Items from a dataset:
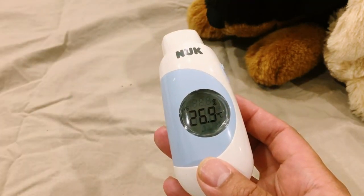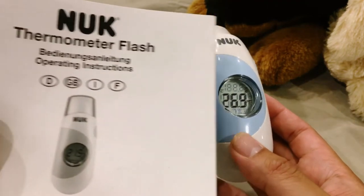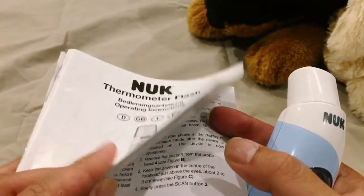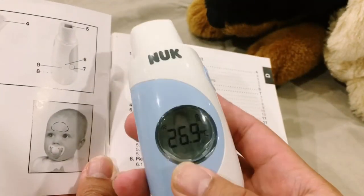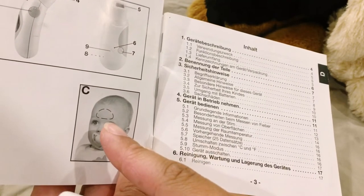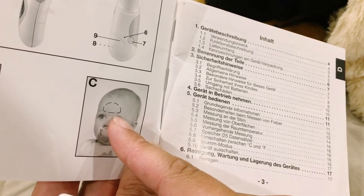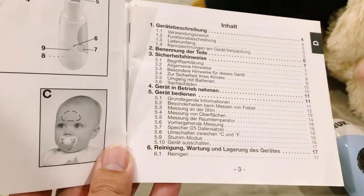Now there are a few things you need to do to ensure the accuracy of the reading. The first thing is to hold the sensor of the thermometer as close as possible to the surface of the object to be measured. Secondly, when measuring body temperature, point the sensor in the center of the forehead just above the eyes, about 2 to 3 centimeters away.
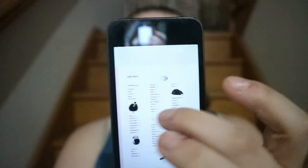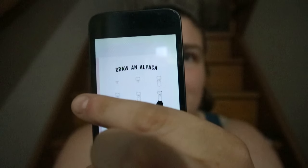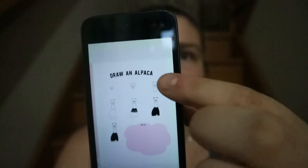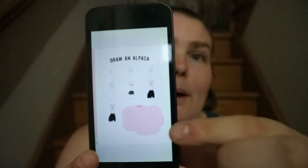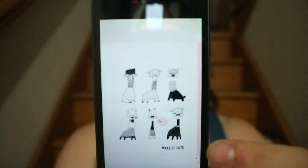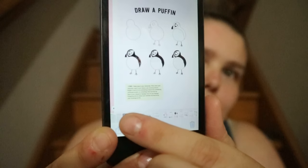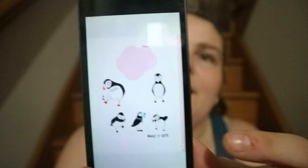The basic setup for each animal — let's use the alpaca as an example — gives you a step-by-step guide: first you start with this, then this, and you build up to the final drawing. You get kind of a bubble try-it section, and then the next page has variations. Sometimes you get a tip instead of the try-it, and sometimes the try-it is on the make-it-cute section.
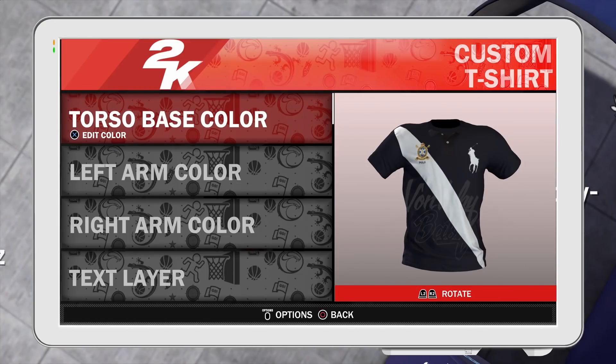It's just a little navy blue polo — something simple, something slight, but at the same time, some heat.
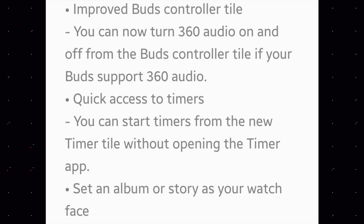There is also quick access to timer. There is a new tile for your timer and you can start timers from the new timer tile without opening the timer app, making it more efficient.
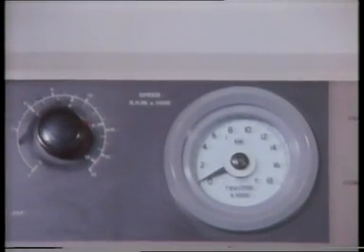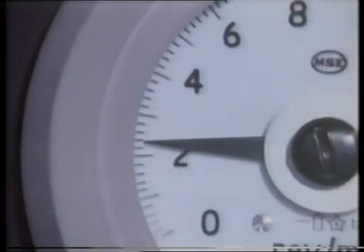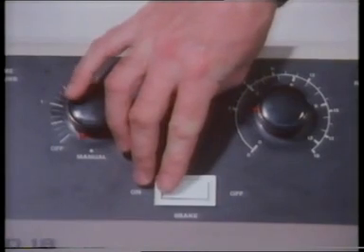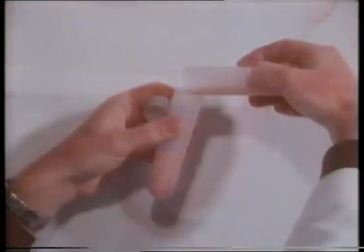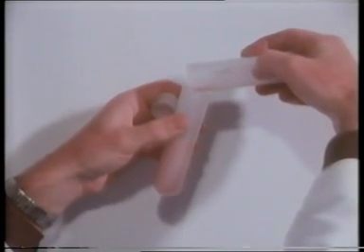The homogenate is first spun at about 2,400 revolutions per minute for ten minutes. This separates out the nuclei and cell debris, which are driven to the bottom of the tube as a solid mass. The lighter mitochondria remain suspended in the supernatant, which is carefully poured off.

◆ What the task asks ◆
Set the entries down exactly, but not the pictures.

◆ Output for this exercise ◆
Now there are a few things you need to do to ensure the accuracy of the reading. The first thing is to hold the sensor of the thermometer as close as possible to the surface of the object to be measured. Secondly, when measuring body temperature, point the sensor in the center of the forehead just above the eyes, about 2 to 3 centimeters away.
The basic setup for each animal — let's use the alpaca as an example — gives you a step-by-step guide: first you start with this, then this, and you build up to the final drawing. You get kind of a bubble try-it section, and then the next page has variations. Sometimes you get a tip instead of the try-it, and sometimes the try-it is on the make-it-cute section.
It's just a little navy blue polo — something simple, something slight, but at the same time, some heat.
There is also quick access to timer. There is a new tile for your timer and you can start timers from the new timer tile without opening the timer app, making it more efficient.
The homogenate is first spun at about 2,400 revolutions per minute for ten minutes. This separates out the nuclei and cell debris, which are driven to the bottom of the tube as a solid mass. The lighter mitochondria remain suspended in the supernatant, which is carefully poured off.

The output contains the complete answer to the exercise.